Le témoignage de Xavier Vella
Xavier Vella est un spécialiste reconnu de la traque des grands silures sur l’axe Rhône-Saône.
« J’ai pratiqué bon nombre de techniques et utilisé de nombreux types d’appâts, mais je fais partie des pêcheurs qui aiment jouer sur le côté carnassier du silure pour déclencher une touche canne en main. J’utilise très souvent des vifs de différentes espèces et de tailles variées, mais également et de façon complémentaire des leurres durs, souples et métalliques, que j’anime aussi bien à l’aplomb qu’en lancer-ramener. Pour le silure, la supériorité du naturel sur l’artificiel reste une constante sur une grosse proportion de mes sorties. Certains jours, sur un même bief, ils semblent tous avoir le même comportement. Le but étant de trouver la parade pour débloquer la situation, il faut se remettre en question. Ma stratégie est alors de changer le type de poisson appât, en proposant une espèce plus vive et frétillante, qu’il faut quelques fois capturer sur place, ou jouer sur l’animation du poisson appât pour déclencher un coup de mâchoire sur une échappée ou un relâché virevoltant. Si je n’ai pas forcément dans mon vivier toutes les tailles de vifs, je complète avec une canne équipée d’un leurre souple de la dimension recherchée sur un montage vertical. Il arrive bien souvent que ce soit ce dernier qui sauve la journée ! »

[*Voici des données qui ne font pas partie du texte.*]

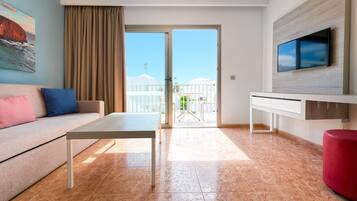 A modern hotel room with a sofa, a dining table, a TV mounted on the wall, and a balcony with umbrellas.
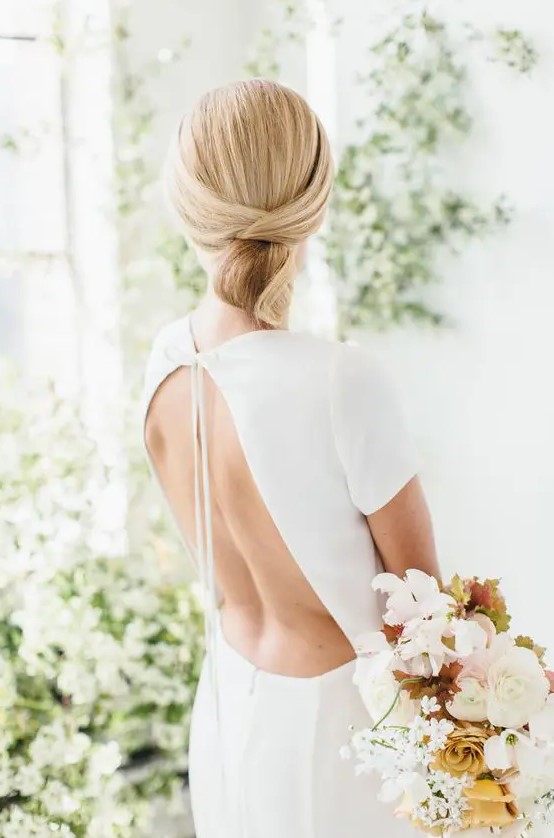 a sleek minimalist twisted low updo with a sleek top is ideal for a minimalist bride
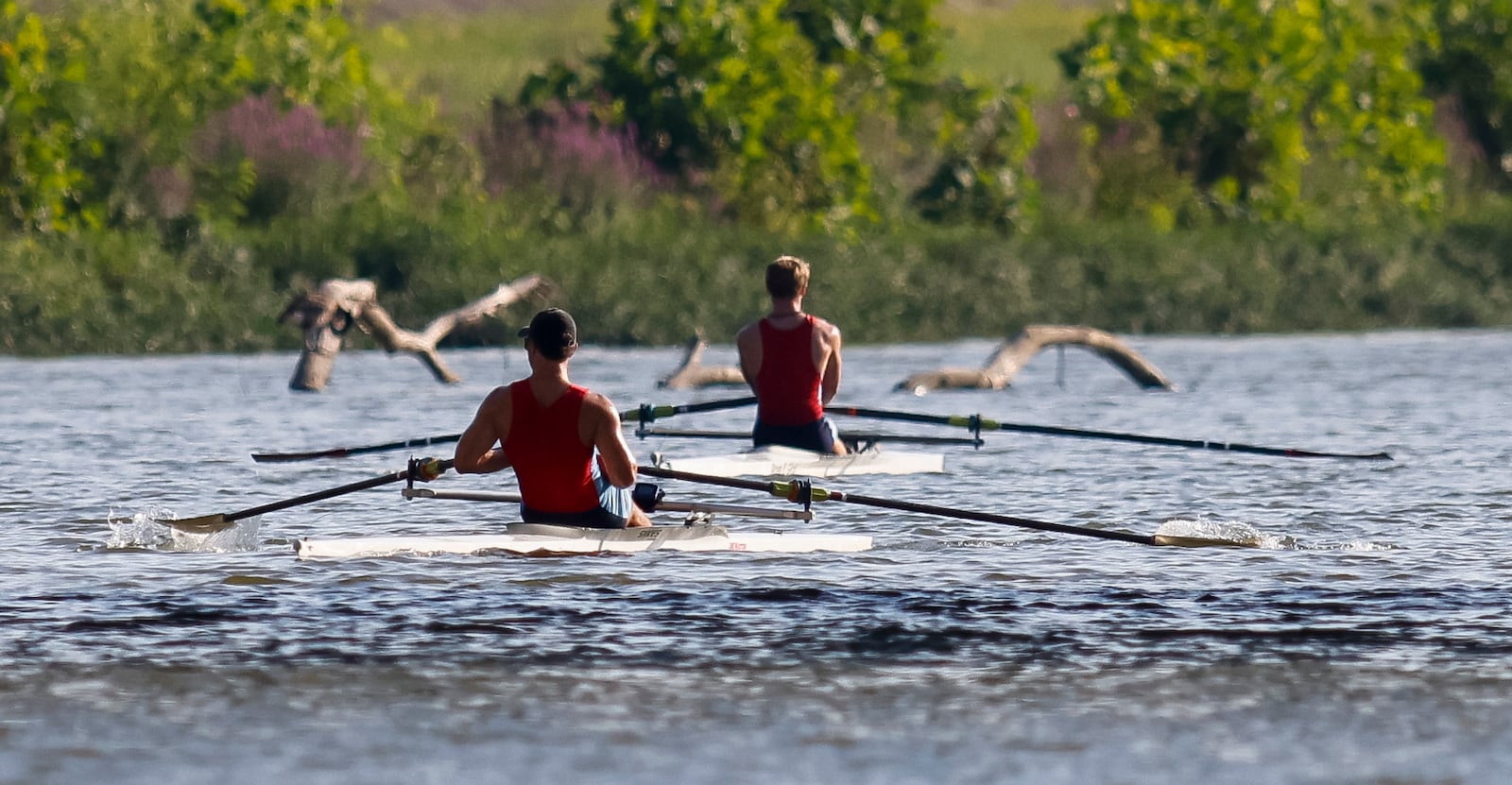 Gary Rought, 17, left, and Malachi Anderson, 17, practice Thursday, Aug. 25, 2022 in Hamilton. Rought and Anderson and others with The Great Miami Rowing Club are heading to Wales where they will be training for and then competing in the 2022 World Coastal Championships and Beach Sprint Finals. NICK GRAHAM/STAFF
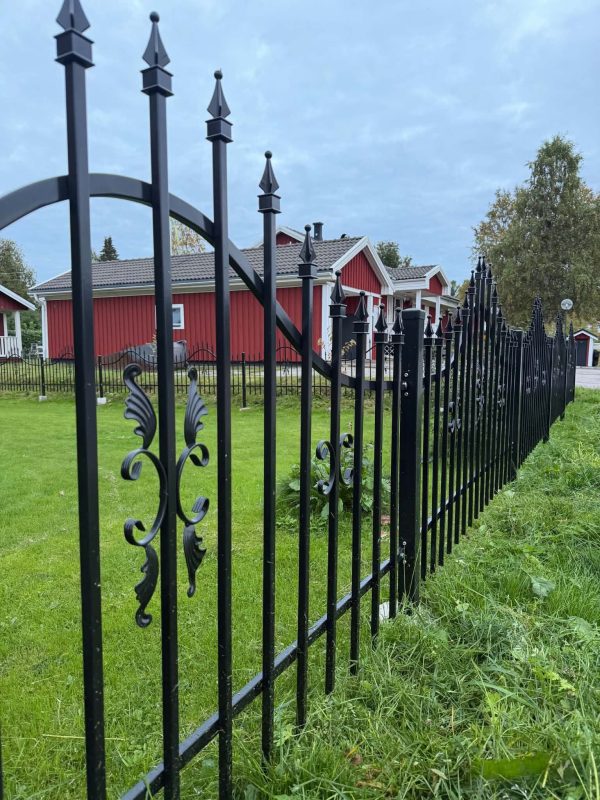 Svart smidesstaket längs en grön trädgård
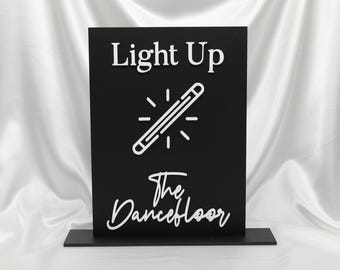 May include: Black rectangular sign with white text that reads "Light Up The Dancefloor". The sign features a glowing lightbulb graphic. The sign is mounted on a black base, set against a white satin backdrop.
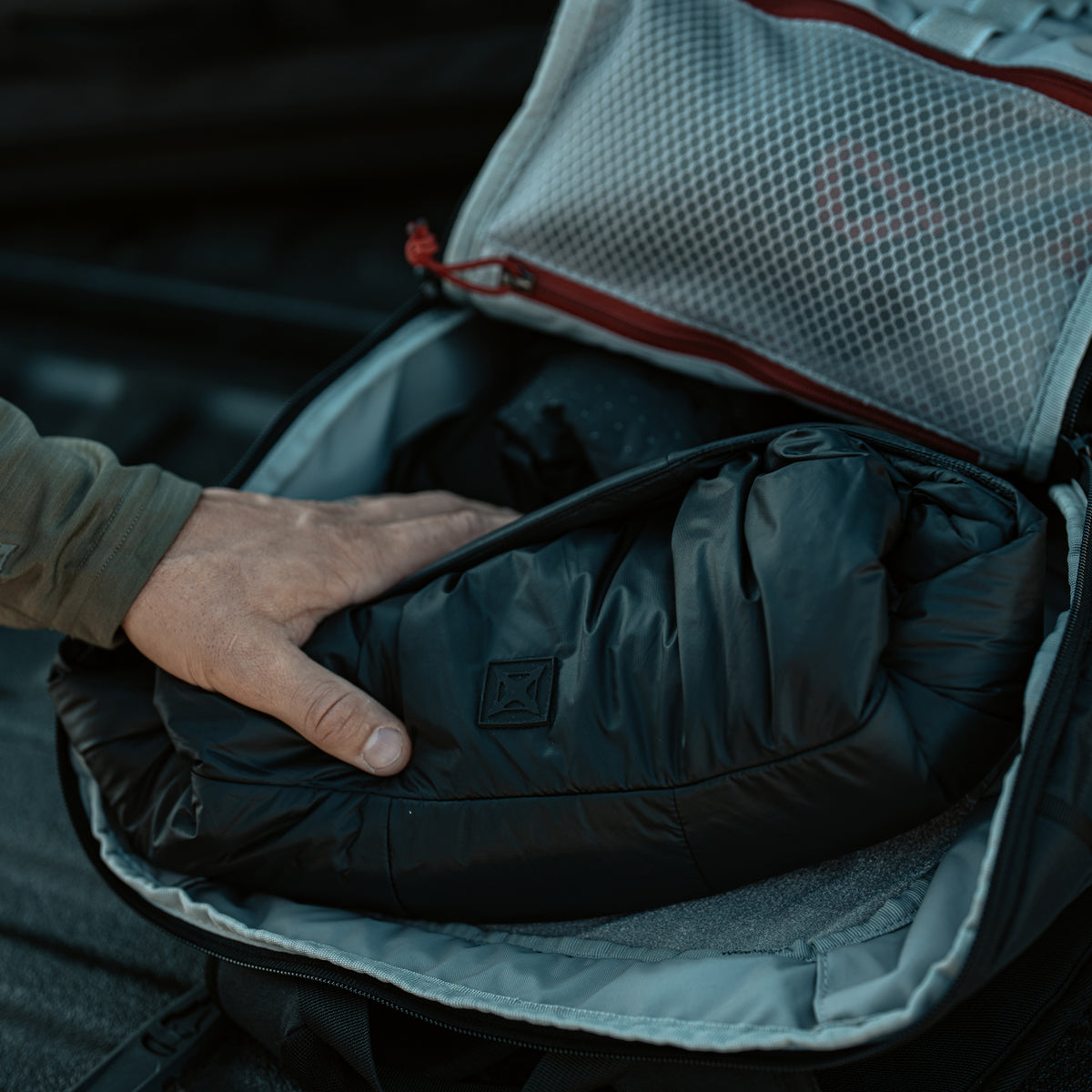 Black Vertx InBound UltraLight Puffer Jacket packed compactly in an open travel bag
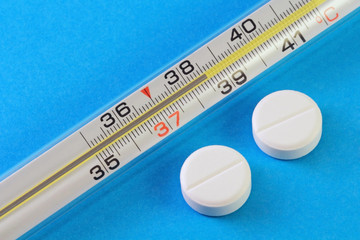 Medical mercury thermometer, showing high body temperature and two antipyretic pills. Antibiotic...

Le témoignage de David Menteur
David Menteur, champion de France de pêche des carnassiers aux leurres, utilise parfois les appâts naturels, notamment pour traquer les brochets en Loire.

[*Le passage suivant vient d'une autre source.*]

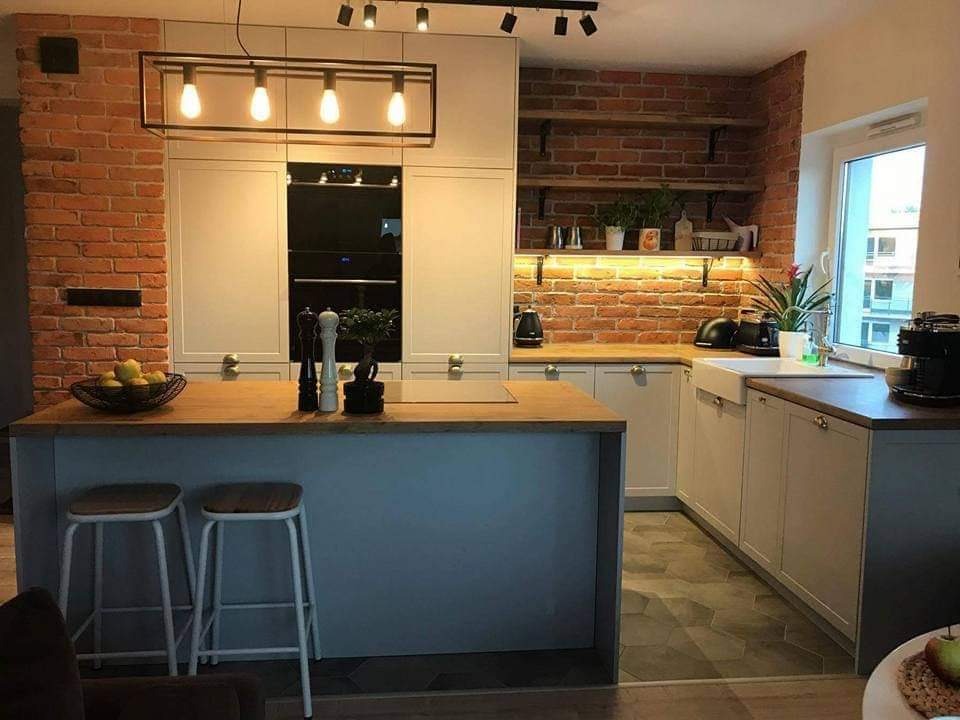 Jasna kuchnia z ceglaną ścianą, drewnianym blatem i wyspą, oświetlona wiszącymi lampami i ledowym paskiem pod półkami.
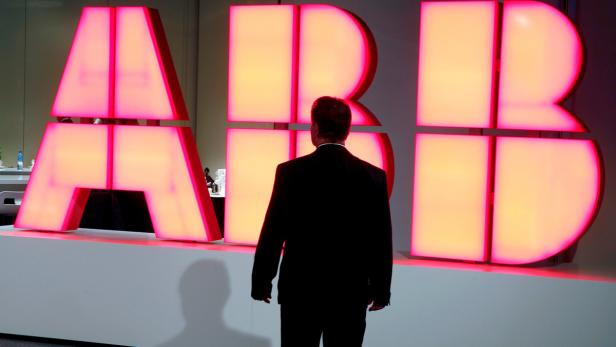 A man stands in front of the logo of Swiss engineering group ABB before a news conference in Zurich, Switzerland October 4, 2016. REUTERS/Arnd Wiegmann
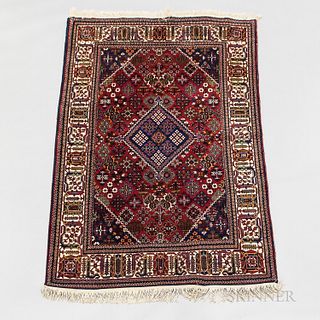 Meshad Carpet, Iran, c. 1930, featuring scattered floral forms on the burgundy red field, 16 ft. 4 in. x 10 ft.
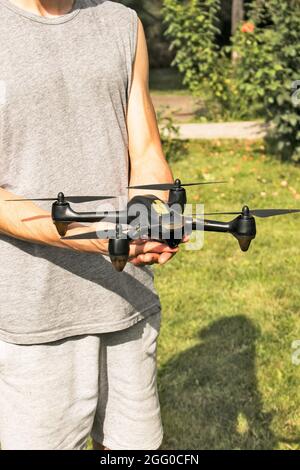 Petit quadriptère moderne et compact dans la main d'un homme. Lancer un drone de votre main. Banque D'Images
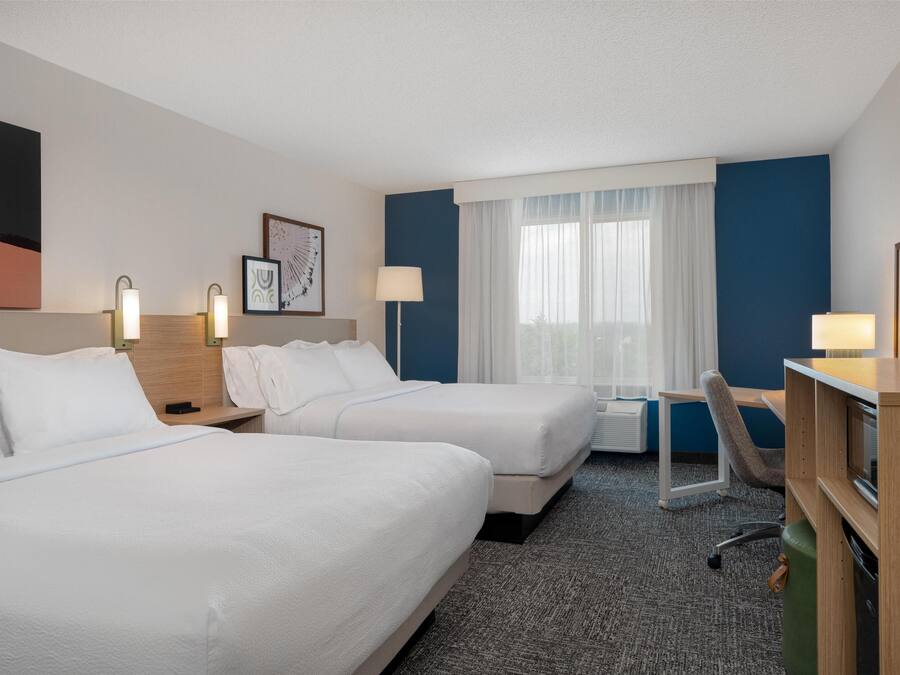 A hotel room with two beds, a desk, a chair, and a TV.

« Je pêche au manié lorsque la température de l’eau est fraîche, en automne et en hiver. Le fourrage est alors regroupé. Le manié n’est pas une technique de prospection, on ne peut pas battre du terrain comme avec certains leurres rapides. Mieux vaut l’utiliser lorsque les carnassiers sont concentrés. Les brochets se positionnent alors aux bords des fosses et dans les herbiers mourants ou naissants. L’idéal pour le manié c’est quand on a l’impression que la pêche est “morte” en Loire, une eau limpide, peu de courant. On se dit que rien ne va bouger. C’est là que le naturel l’emporte !
Ablette, le top !
J’utilise des montures très peu plombées, très planantes, avec des animations lentes et des tressautements du poisson mort réalisés avec le scion de la canne. Je lui fais presque faire du sur place. La monture est réduite à sa plus simple expression, une armature en corde à piano pour positionner le poisson et un triple. L’appât coule tout seul, parfois j’ajoute une toute petite olive longe sur la monture. Ma préférence va nettement à l’ablette en Loire. Un poissonnet de 10 à 12 cm est parfait, grâce à sa forme, j’arrive mieux à équilibrer mon montage. Je positionne le triple soit sur le dos, soit souvent sur le flanc, et ainsi le poisson coule à plat, plus doucement. C’est un poisson fragile, mais j’ai réussi à faire deux ou trois brochets avec la même ablette. J’utilise une canne à l’action un peu douce, ce qui me permet de descendre en diamètre de bas de ligne, il y a moins de risque de se faire couper au ferrage. Le top c’est bien sûr de conserver les ablettes vivantes, elles tiennent mieux sur la monture et la nage est plus naturelle. Je pêche doucement, en insistant sur chaque poste qui me semble prometteur, un retour de courant avec une zone calme. Si le brochet est là, c’est pour chasser ! Je peigne aussi les zones plus lentes du fleuve avec deux mètres de fond et des herbiers parsemés. Ce sont des secteurs de repos pour le brochet, mais le mort manié arrive à les déclencher, alors qu’un leurre ne les aurait pas fait bouger ! »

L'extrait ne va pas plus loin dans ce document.